Sin embargo, con todo ello no es suficiente. Tampoco lo son los ingresos caídos del cielo consecuencia de la guerra de Ucrania y la consiguiente inflación, que ha incidido, e incide, en los productos y servicios más básicos.

La dosis de anestesia se incrementa pretendiendo hacernos creer que la culpa de todo la tienen los ricos. Y no es así. Es cierto que hay que plantear muy seriamente introducir progresividad en el Impuesto sobre Sociedades (en adelante, IS). Hace tiempo que lo vengo diciendo. El esfuerzo fiscal de quienes más beneficios tienen (astronómicos, diría yo), es mucho menor que el esfuerzo fiscal de cualquier autónomo.

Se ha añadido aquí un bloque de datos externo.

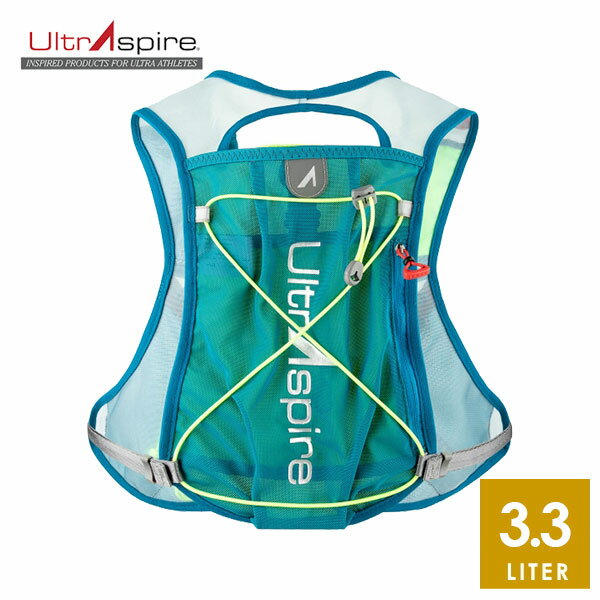 【ウルトラスパイア/UltrAspire】SPRY 3.0(スプレイ3.0) メンズ レディース ザック バックパック リュック(3.3L) 【トレイルランニング/トレラン/アウトドア/自転車/ジョギング/登山/ハイキング】 19681085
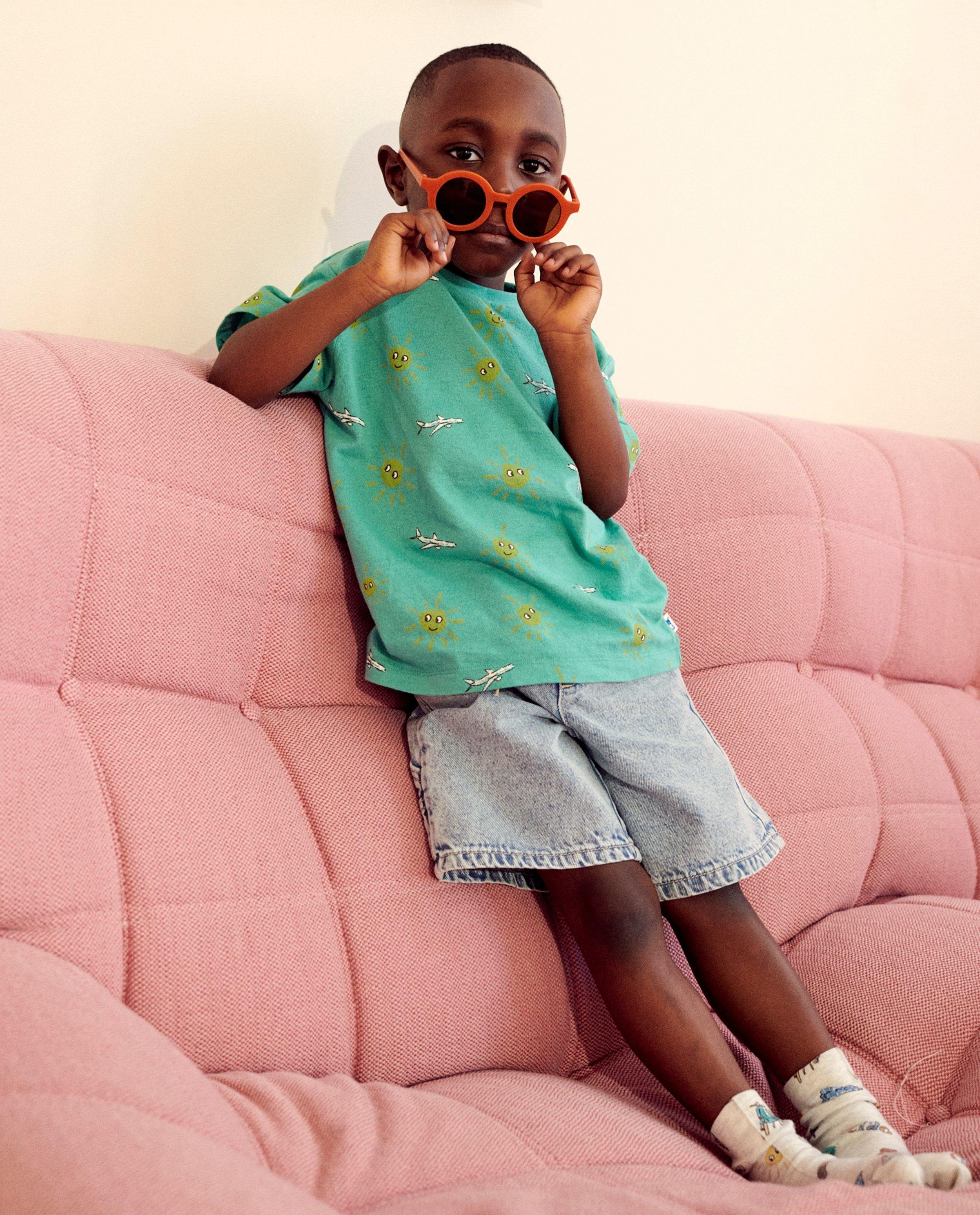 T-shirt met print - Fred + Ginger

El problema se agrava si tenemos en cuenta que nuestro sistema tributario favorece el trasvase de rentas del IRPF al IS, y el remansamiento de beneficios, es decir, el no repartir dividendos; circunstancias, ambas, casi exclusivamente al alcance de las rentas más altas.

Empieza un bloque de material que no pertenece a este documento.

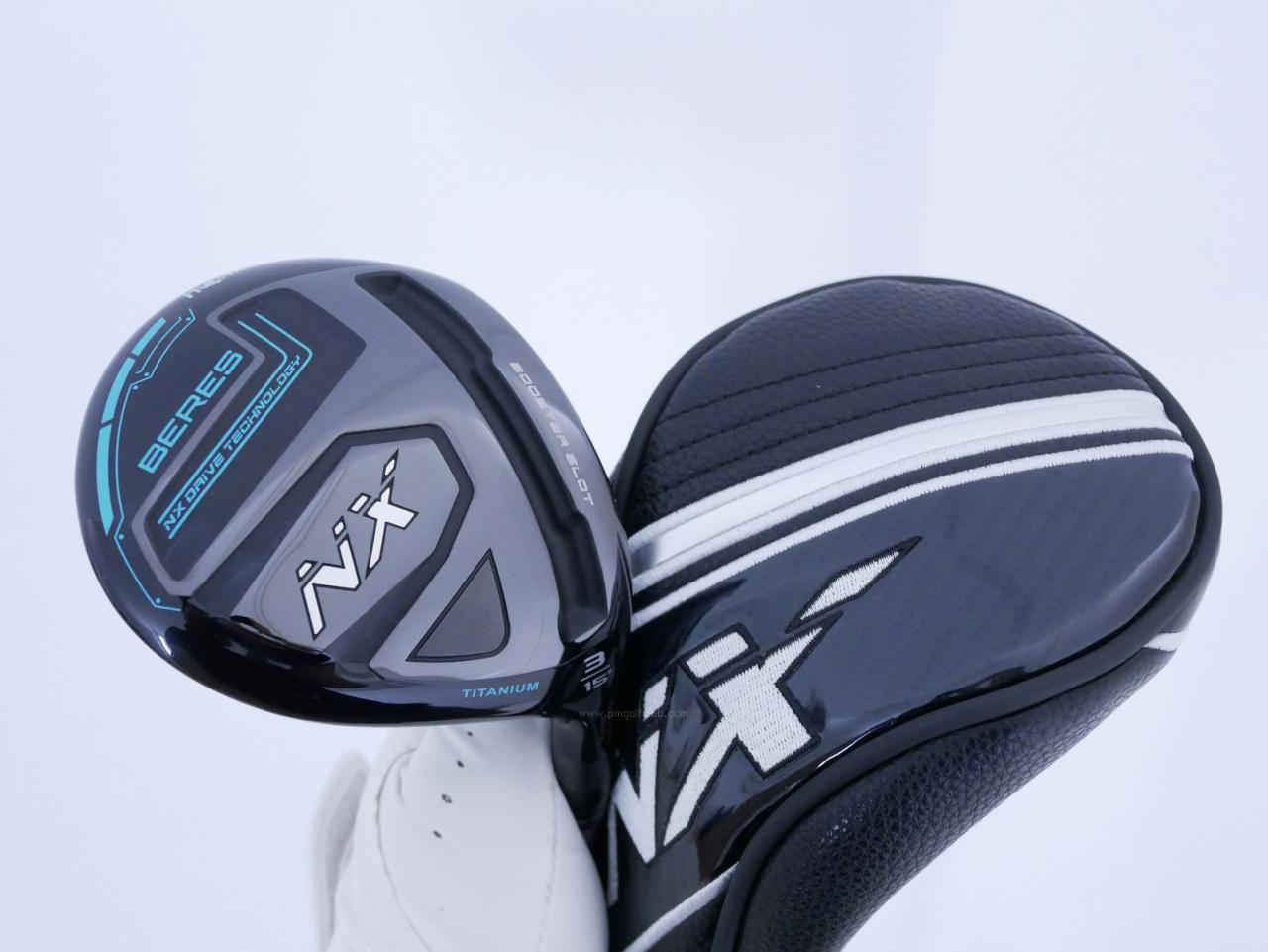 Fairway Wood : Honma : หัวไม้ 3 Honma Beres NX Titanium (รุ่นปี 2023) Loft 15 ก้าน Honma Vizard NX 45 Flex SR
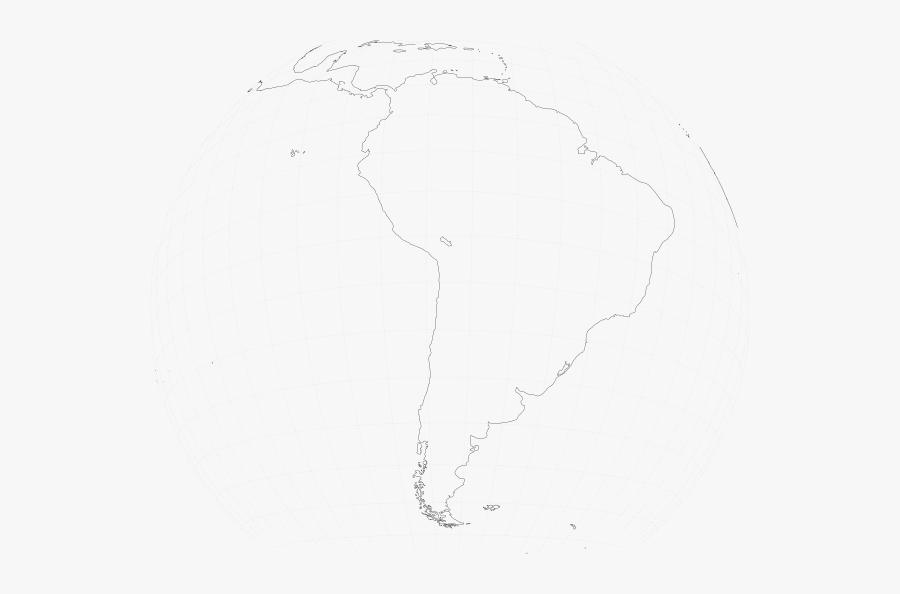 South America Viewed From Space Svg Clip Arts - South America Transparent Background, Transparent Clipart
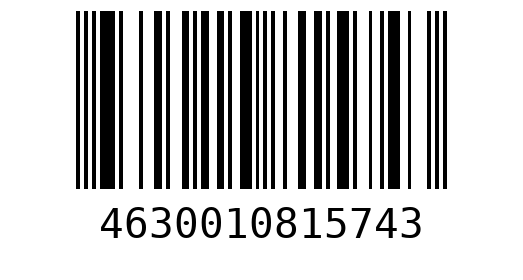 Штрихкод 4630010815743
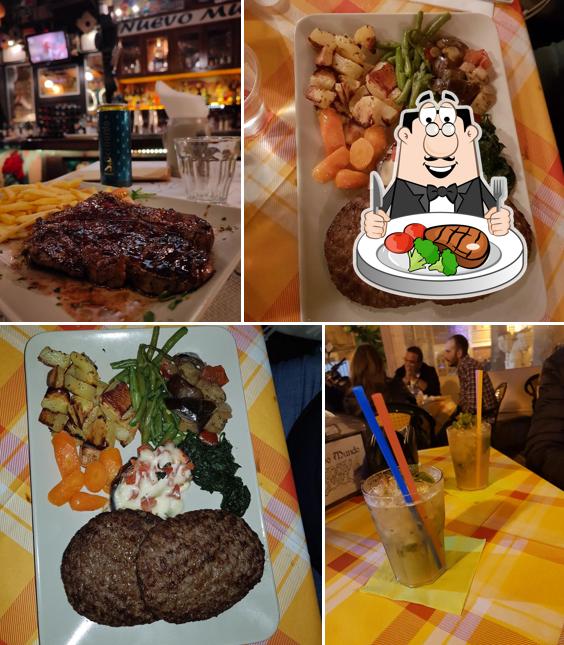 Bistecca al Sabores del Nuevo Mundo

Por su parte, la internalización y globalización de la economía han aumentado el riesgo de las deslocalizaciones e incentivado la competencia fiscal internacional, que no se limita solo a los países europeos.

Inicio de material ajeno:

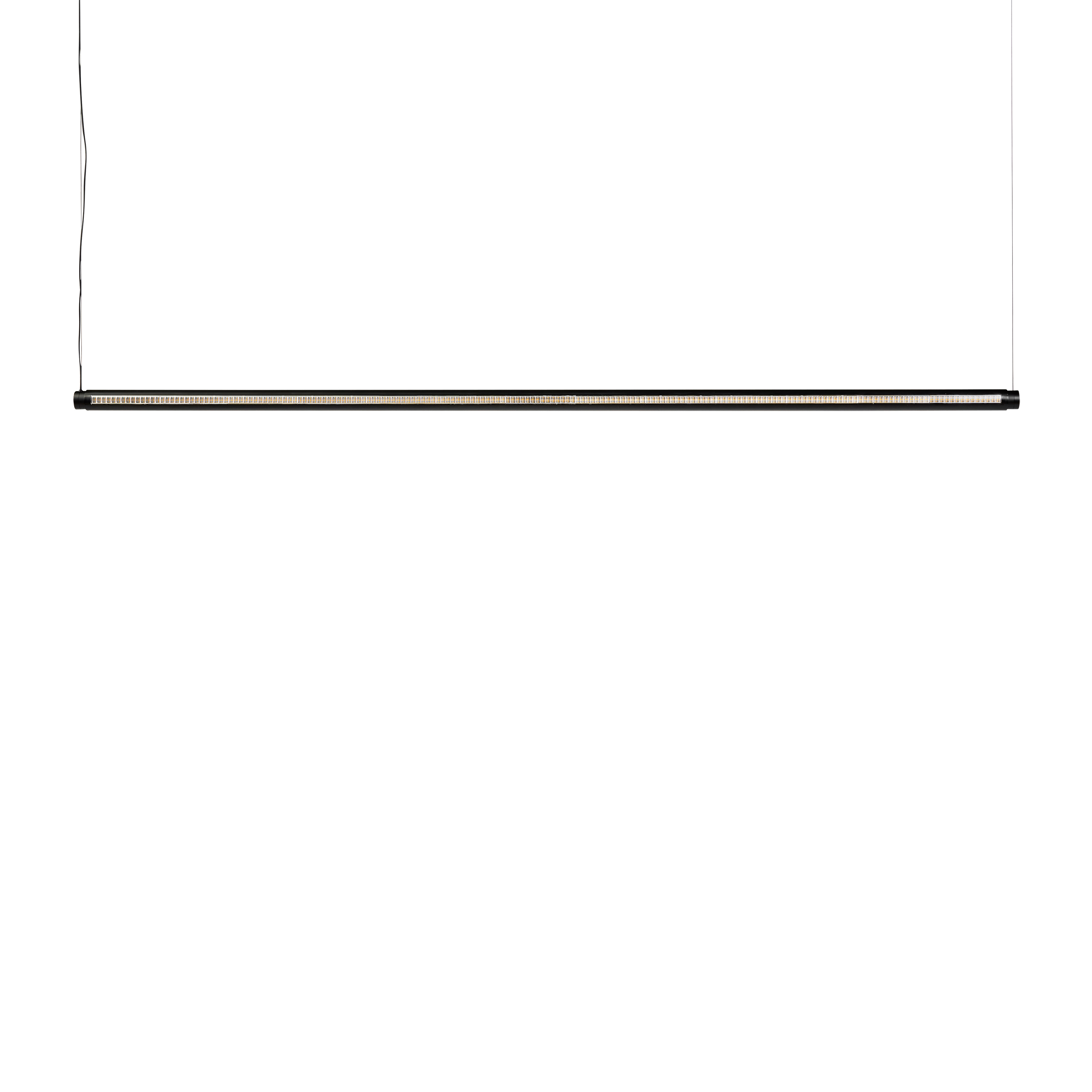 Factor Linear Suspension ceiling lamp 1500 Directional from HAY ...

No niego que el cambio climático, la necesidad de mayor gasto de defensa y las diversas crisis que atravesamos, obliguen a aumentar determinados impuestos o a aprobar otros nuevos, que se les bautiza como de solidaridad. De hecho, tal vez era lo único que se podía hacer ante la asfixia fiscal de la clase media. No olvidemos que esta ha sido, y es, la más perjudicada. De hecho, muchos de los llamados impuestos caídos del cielo son consecuencia directa del empobrecimiento de la clase media. Ahí están el IVA y determinados impuestos especiales.  

No creo que este sea el camino. El camino es acometer una reforma integral del sistema tributario, en la que se afronte de una vez por todas la tributación de la riqueza y se adapte aquel al futuro no tan lejano en el que el trabajo dejará de ser el recurso más intensivo en el proceso de creación de riqueza. Habrá, pues, que empezar a tomar medidas con relación al gravamen de los recursos tecnológicos que lo suplan; promover incentivos fiscales destinados a crear riqueza vinculándola a la capitalización y a la inversión en activos productivos y en la creación de empleo; premiar a las empresas que repartan dividendos en lugar de remansarlos; fomentar el equilibrio medioambiental mediante una verdadera fiscalidad participativa que discrimen positivamente a quienes así lo hagan, y a quienes inviertan en sostenibilidad y en políticas de economía social; habrá que valorar también si los impuestos con finalidad extrafiscal han de tener mayor protagonismo. Y así, un largo etcétera. El camino no es, pues, el del parcheo. Es el de afrontar de una vez por todas y de forma conjunta y solidaria, el futuro que tenemos por delante. No hay que centrarse en el presente, sino en el futuro.

Sin embargo, y a pesar de hacerlo como decimos, hay que ser conscientes de que la presión fiscal tiene un límite, que es aquel que razonablemente la economía de cada país puede soportar. Por ello, es necesario valorar también la eficacia de todas las ayudas, prestaciones económicas, e incentivos, y evitar las duplicidades administrativas y el gasto superfluo, político, o clientelar. Hace falta que nuestros responsables políticos respondan personalmente por su inacción o falta de diligencia. En consecuencia, y en mi opinión, la mayor presión fiscal que soportamos no es la solución a nuestros problemas, ni a los del mundo en general.